Many of us as riders have a strong focus on our core strength, for most your main goal is to improve core strength. So first of what is your core? How would you personally describe or identify what parts of your body are your core?
For many of you the answer will instantly be my stomach, my abs. I hear the most common misconception of all time; I have lower back pain due to my weak core. So first of all why do you believe your core is weak? There is no solid way to measure core stability or strength, this is an immeasurable variety so how are you measuring your weakness or if your strength is building?
So for starters, lets just look at your core & really establish what this is made up from. Your core stabilising muscles run from the top of your ribs down to the bottom of your bum both in the front & back of your body, think about where the centre of your body is, the powerhouse of your movement. I'm sure most of you will think oh yeah, my abs, that's not quite right, your pelvis is your control centre for your body. Think of your pelvis as the driver on the train. Your pelvis dictates your movement especially when in the saddle, when we are seated we need a strong pelvis to hold us stable so that the rest of our limbs & trunk can carry out the movement required without our spine wobbling around & becoming sore.
Your core includes your pelvic muscles, abdominals, internal & external obliques,glutes, rectus abdominis ( superificial layers when your thinking of a six pack which also include the erector spinae & multifidus these are both muscles in your back.) To simplify this your core is much more complex than you probably think & requires different ways of training & movement to make sure your training each muscle within your core effectively to really help your core strength.
Now back to back pain, as that's our number 1 biggest struggle for us as riders. Soreness & stiffness in the back due to other areas being weak can cause your spine to overwork. Your core is responsible for stabilising & protecting your body, the spine & pelvis, so if it is weak other muscles overcompensate which often leads to a bad chain reaction! Your gluteal muscles (in your butt) are also extremely important when we are talking about core strength, your body works together as one big chain so if one part is weak this will heavily influence another. Weak glutes muscles can also be causing lower back pain due to unstability in your hips, so don't always assume its your core where the problem lies as pelvic position & stability is a huge factor of importance when we are looking at your core exercises. Training the core & glutes in harmony would be my number 1 focus when trying to fix the struggle of lower back pain, remember your body is one big chain reaction working together.
There are a couple of exercises you could perform to try & get a feeling for your core strength. Try the hollow hold, so lying on your back shoulders off the floor and feet lifted off the floor & you hold this position keeping your lower back on the floor at all times, if you can hold for 10 seconds this is a good indication you have relative core strength.
Now down to the important part, TRAINING! And of course pain free. I think the most common question I ask my equestrian clients is does your back feel ok throughout the session. It is so easy for you to slightly lose focus and let your core strength decrease & pain starts to fester in your back. So to avoid back pain for now I would avoid any crunching movement, the position a crunched position will cause in your spine will not help any pain. You are curled over encouraging a poor posture & placing alot of stress on your back so this is an absolute NO! Any back based movement & dynamic planking is a great place to start, with a strong focus on your core. Really concentrate on performing the exercise with perfect form, at a slow tempo & listen to your body to what you are feeling working.
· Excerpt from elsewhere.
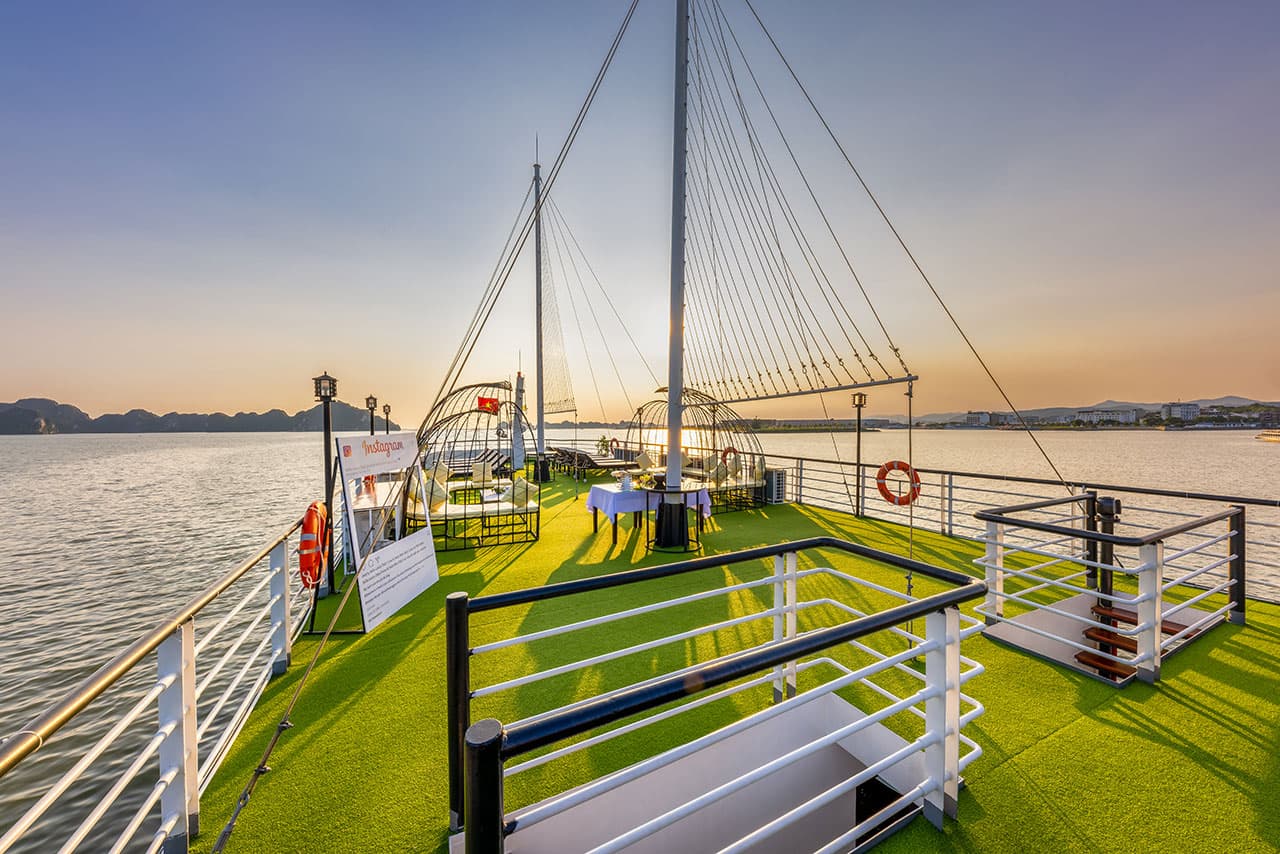 FULL DAY HA LONG BAY DAY TOUR  HERITAGE CRUISE + LIMOUSINE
1) Deadbugs; Lying on the floor push your pelvis & lower back into the floor, imagine you have a lottery ticket between your lower back & the floor you've got to keep it down there, don't let it slip out. Legs up at 90 degress, hands by your chest you're going to extend the opposite hand & leg at the same time straight out & hold. If you find your lower back arches then place hands on the floor and keep your legs slightly higher when you extend. You should feel all of this in your abs!
2) Plank Shoulder Taps; Here we are trying to make our core work to stabilise our whole body, we are looking for as little movement as possible through our hips. From high plank position take the opposite hand to the opposite shoulder and tap keeping as still as possible. These will really work your rectus abdominis & your transverse abdominis (think muscles in that six pack!) and should feel hard work. To regress place your knees on the floor.
3)Half Kneeling Pallofpress; The pallofpress is one of my favourite core exercises, all you need is a resistance band or cable. Whilst performed it trains you to keep rigidity through the trunk & the hips as movement is occurring. This will improve the stability of all these muscles & in turn improve the power. This exercise your body is resisting rotation so you should feel like you are really working. You must make sure you maintain a neutral spine position throughout this exercise. The half kneeling position will add stability for you to start so I always recommend adopting this position.
Start with these 3 simple, yet super effective exercises and see how you get on. I would continue to perform these until you can do 4 sets of all exercises for 10 repetitions on each side with full control & the exercise starts to become easy for you. Start with 2-3 sets of 10 repetitions and see how you go! Hopefully these will help you to train those abs & progress without suffering lower back pain!